Short Story ◈ Drug Design

A Single Hit Compound Sunk in the Sea of Similarity Search

The techniques and challenges of similarity search to find promising candidates from vast compound libraries.

  • #similarity search
  • #chemical space
  • #fingerprints
  • #screening

"How do you find one compound among a billion?"

Sena stared at the screen with an overwhelmed expression.

"Similarity search," Akira answered. "Look for things similar to known active compounds."

"Similar, meaning?"

Eiji joined the explanation. "Structural similarity. Quantified with molecular fingerprints."

Sena showed interest. "Fingerprints?"

Akira drew a diagram. "Represent compound features as bit strings. For example, whether there's a benzene ring, hydroxyl group."

"And that shows similarity?"

"Compare bit strings. More matching bits means more similar."

Eiji opened a database. "This is PubChem. Over 100 million compounds registered."

"Search all of them?" Sena was surprised.

"Efficient algorithms exist. But computational cost is still high."

Akira showed a concrete example. "This compound has nM activity. Want to find similar compounds."

"Similarity threshold?"

"Tanimoto coefficient above 0.7. That is, over 70 percent feature match."

Eiji executed the search. "Results... 12,000 hits."

"Too many!" Sena said.

"So we narrow down further.

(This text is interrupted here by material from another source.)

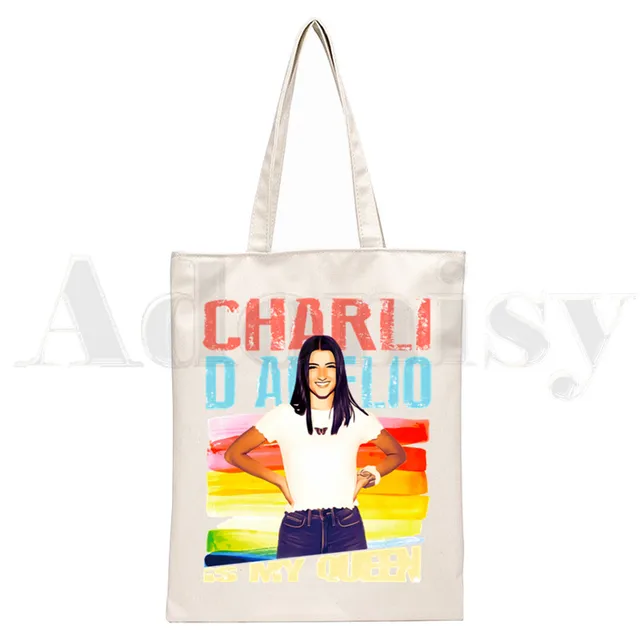 Ice Coffee Splatter Charli Damelio Harajuku Anime Handbags Shoulder Bags Casual Shopping Girls Handbag Women Elegant Canvas Bag N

Drug-likeness, synthetic accessibility, intellectual property status."

Akira supplemented. "There are criteria like Lipinski's Rule of Five."

"Molecular weight below 500, LogP below 5..." Sena wrote in her notebook.

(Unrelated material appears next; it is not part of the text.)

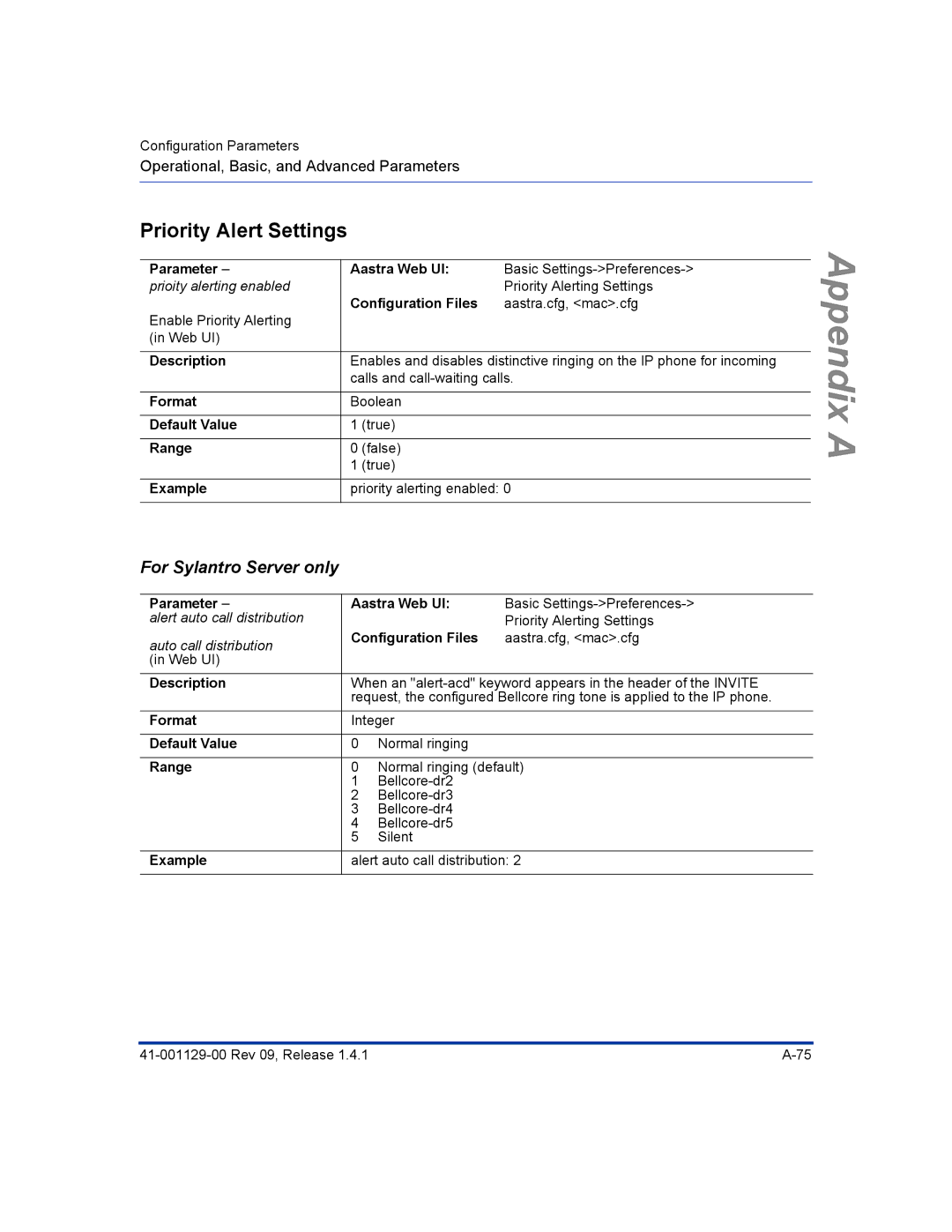 Aastra Telecom 480I CT manual Priority Alert Settings, For Sylantro Server only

Eiji applied filters. "Down to 200 now."

"Still many."

"From here, human judgment. Look at structures one by one."

Akira scrolled through the screen. "This compound looks good."

"What's good about it?" Sena asked.

"Core structure is the same, but substituents differ. Has novelty."

Eiji analyzed. "But synthesis looks difficult. Can we control this stereochemistry?"

"I think it's possible. With Suzuki coupling and asymmetric reduction."

Sena asked, "Similarity alone doesn't guarantee activity?"

"Exactly right," Akira admitted. "Similar doesn't always mean active."

"Then why search?"

"A probability problem. Much higher probability of finding active compounds than random."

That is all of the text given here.